Rice that can be cooked in microwave ovens is sold in packets which the manufacturer claims contain a mean weight of more than 250 grams of rice.

The weight of rice in a packet may be modelled by a normal distribution.

A consumer organisation’s researcher weighed the contents, x grams, of each of a random sample of 50 packets. Her summarised results are:

\bar{x}=251.1

and

\sum(x-\bar{x})^2=184.5

(a) Show that, correct to two decimal places,

s=1.94

, where

s^2

denotes the unbiased estimate of the population variance.
.. Which I've already shown

(b) Construct a 96% confidence interval for the mean weight of rice in a packet, giving the limits to one decimal place.

So in this part, I know that the 96% equals 0.96 in probability. However, I need to find the z score so I can use the confidence interval formula, but I don't know how to find it. I thought I should use z = x-μ divided by σ but it doesn't make sense. So I looked at the z score tables for 0.96 - this gives me 0.83147, which isn't right because the mark scheme says that z=2.0537. How do I find z? Many thanks in advance.

Reply 1

Hopple

18

I'm not sure how you'd get z to so many decimal places (unless you have super tables), but there are two things I think you've missed. Firstly is you want 0.98 rather than the 0.96 you mention, can you think why? And the other is I think you've looked for 0.96 within the table, i.e. you've set Z=0.96, rather than looking for what Z gives the probability 0.96 (and again, all those 0.96s should be 0.98 :tongue:

).

Reply 2

Prestoria

OP

9

Original post by Hopple

I'm not sure how you'd get z to so many decimal places (unless you have super tables), but there are two things I think you've missed. Firstly is you want 0.98 rather than the 0.96 you mention, can you think why? And the other is I think you've looked for 0.96 within the table, i.e. you've set Z=0.96, rather than looking for what Z gives the probability 0.96 (and again, all those 0.96s should be 0.98 :tongue:

).

Oh, you're right - I checked 0.98 in the tables and it gives 2.0537 (the formula book from AQA gives to 4 decimal places). Just me being careless.. thanks very much!

Reply 3

Jasprar

Sorry, Why is it 0.98 and not 0.96? Thanks. :smile:

Reply 4

maggiehodgson

14

I have to say that I don't understand why BUT whatever the confidence interval % is, you subtract it from 100, divide the result by 2 and add it back on to the original percentage. No idea why.
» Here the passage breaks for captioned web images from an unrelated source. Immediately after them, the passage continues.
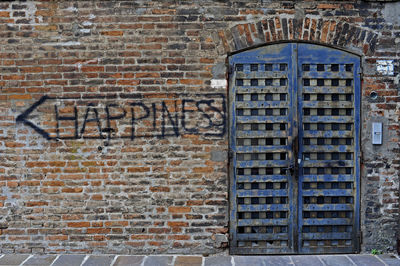 Closed window on brick wall of building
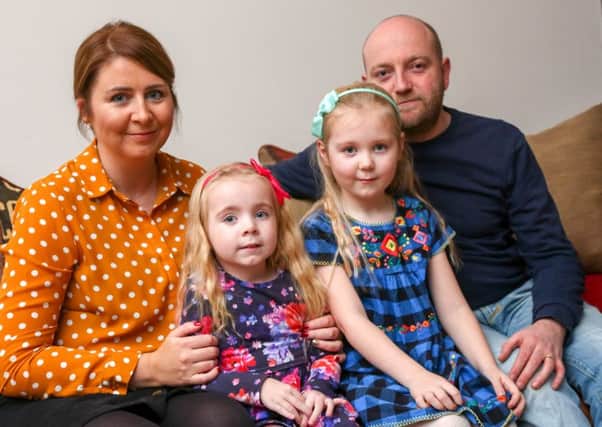 Harriet Corr, 4, who suffers from Cystic Fibrosis with her mother Emma Corr big sister Nancy, 6, and dad Chris.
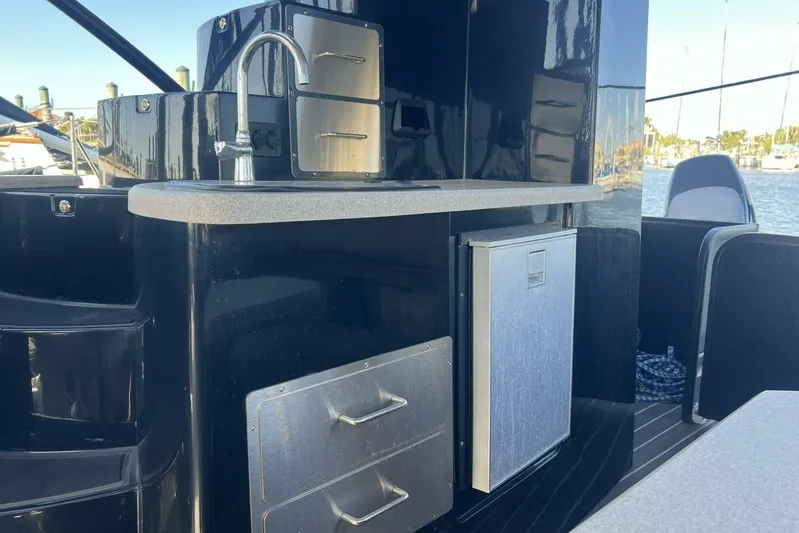  Yacht Photos Pics Outdoor kitchenette on 2023 Premier 330 Escalante boat with sink and storage drawers.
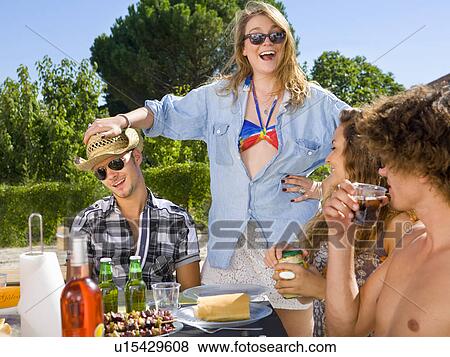 Stock Photo - Young group backyard BBQ laugh. Fotosearch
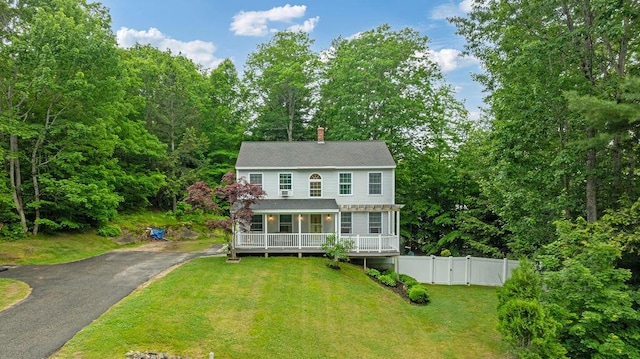 19 Fox Run Rd, Gray, ME 04039 - view of front facade with a deck, a chimney, asphalt driveway, and a gate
So if you wanted 98% CI you would look up 99 in the table and for 99% CI you'd look up 99.5.

If anyone knows the reason why I'd be pleased to hear.

Reply 5

Music99

4

Original post by maggiehodgson

I have to say that I don't understand why BUT whatever the confidence interval % is, you subtract it from 100, divide the result by 2 and add it back on to the original percentage. No idea why.

So if you wanted 98% CI you would look up 99 in the table and for 99% CI you'd look up 99.5.
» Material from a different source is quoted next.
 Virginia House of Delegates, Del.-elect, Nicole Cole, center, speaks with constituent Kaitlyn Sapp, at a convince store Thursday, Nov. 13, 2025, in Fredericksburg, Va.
If anyone knows the reason why I'd be pleased to hear.

Because you are going either way, you want the upper and lower part of the interval so you divide by 2 :smile:

.

Reply 6

maggiehodgson

14

Thanks for trying to help but I'm so unclued-up about statistics that what you've told me means nothing to me. But what I'll do now is go and read it up bearing in mind what you've said and see if I can cobble it together.

TSR is the best.

Reply 7

davros

16

Original post by maggiehodgson

Thanks for trying to help but I'm so unclued-up about statistics that what you've told me means nothing to me. But what I'll do now is go and read it up bearing in mind what you've said and see if I can cobble it together.

TSR is the best.

I haven't got a drawing package to hand, so here's a wordy explanation:

think about the Normal distribution and imagine marking out an interval on the x-axis centred on the mean which is going to be your 96% confidence interval for some measurement - in other words, you want to be 96% confident that your desired value lies in that interval.

That leaves you with a 4% "non-confident" bit left over, and because of the symmetry of the Normal distribution that means you have a 2% "bit" at the left before the start of the confidence interval, and a 2% "bit" at the right after the end of the interval.

Now forget about the confidence interval for a minute and pretend you're asked to work out that "2% bit" on the right. This is the same as 1 (which is total probability) minus the 98% bit to the left of it (which in other words is 98% cumulative probability which you can find in a table).

So, you can derive the "2% right bit" from a 98% cumulative probability value, and now you need to double this to account for the bit at the left hand too. This gives us our "area" that lies outside the 96% confidence interval.